### [Task brief]
Beneath this task are records; print exactly the stretch of them from the line with "Paris Hilton poolside" through the line with "LEWKIN Pigment Cap", both ends included.

### [Data supplied]

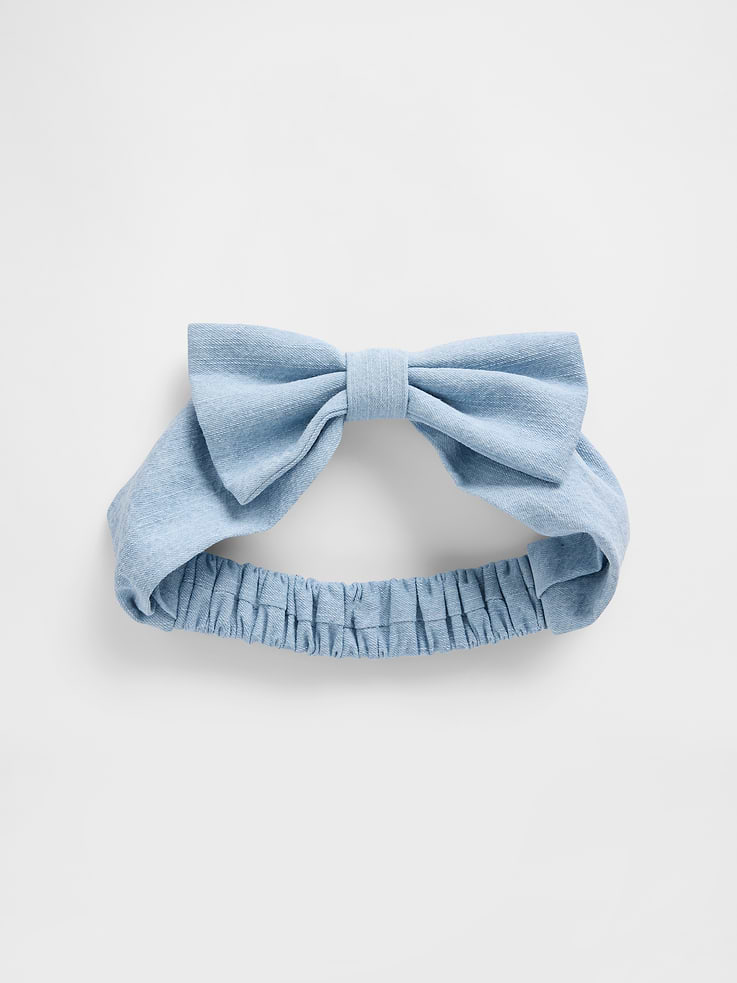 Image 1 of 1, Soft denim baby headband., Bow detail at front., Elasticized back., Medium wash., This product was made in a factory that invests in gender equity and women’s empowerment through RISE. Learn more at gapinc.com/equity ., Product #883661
--
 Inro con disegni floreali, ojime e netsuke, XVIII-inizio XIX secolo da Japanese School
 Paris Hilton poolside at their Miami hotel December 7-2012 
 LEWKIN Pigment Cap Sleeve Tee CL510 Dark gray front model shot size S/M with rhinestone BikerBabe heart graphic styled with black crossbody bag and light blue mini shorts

### [Exercise result]
 Paris Hilton poolside at their Miami hotel December 7-2012 
 LEWKIN Pigment Cap Sleeve Tee CL510 Dark gray front model shot size S/M with rhinestone BikerBabe heart graphic styled with black crossbody bag and light blue mini shorts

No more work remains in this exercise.